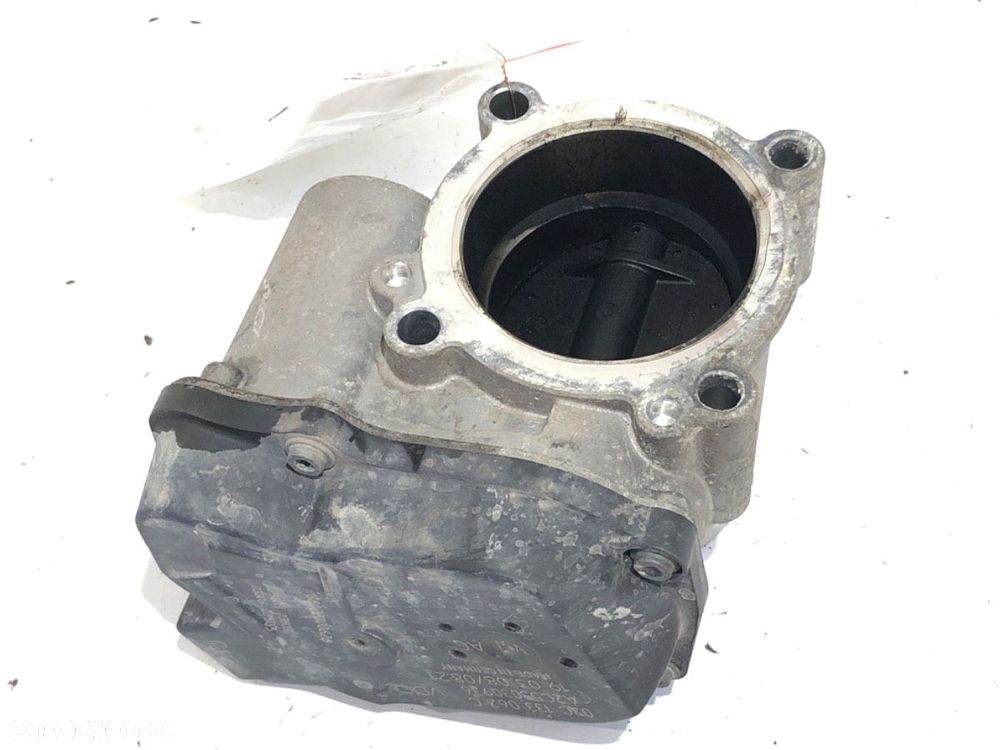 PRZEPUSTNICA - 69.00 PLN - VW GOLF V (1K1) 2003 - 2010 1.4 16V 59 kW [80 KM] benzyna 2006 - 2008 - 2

········

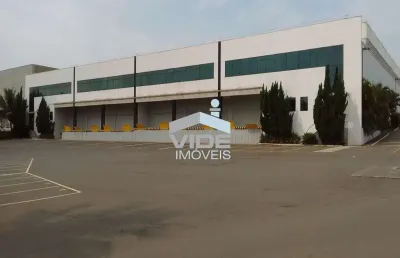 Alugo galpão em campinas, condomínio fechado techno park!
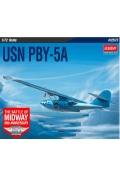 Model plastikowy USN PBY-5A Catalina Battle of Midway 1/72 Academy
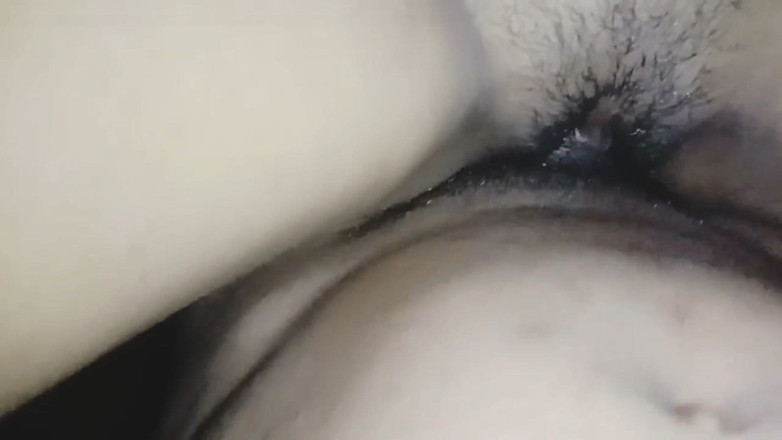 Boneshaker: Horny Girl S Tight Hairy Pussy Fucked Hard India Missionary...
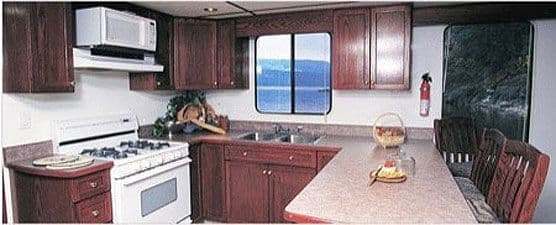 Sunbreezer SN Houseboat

········

| REQUIREMENT |
Skipping every picture, transcribe exactly the lines above from the one containing "Boneshaker: Horny Girl" through the one containing "Sunbreezer SN Houseboat", both included.

| TASK RESPONSE |
 Boneshaker: Horny Girl S Tight Hairy Pussy Fucked Hard India Missionary...
 Sunbreezer SN Houseboat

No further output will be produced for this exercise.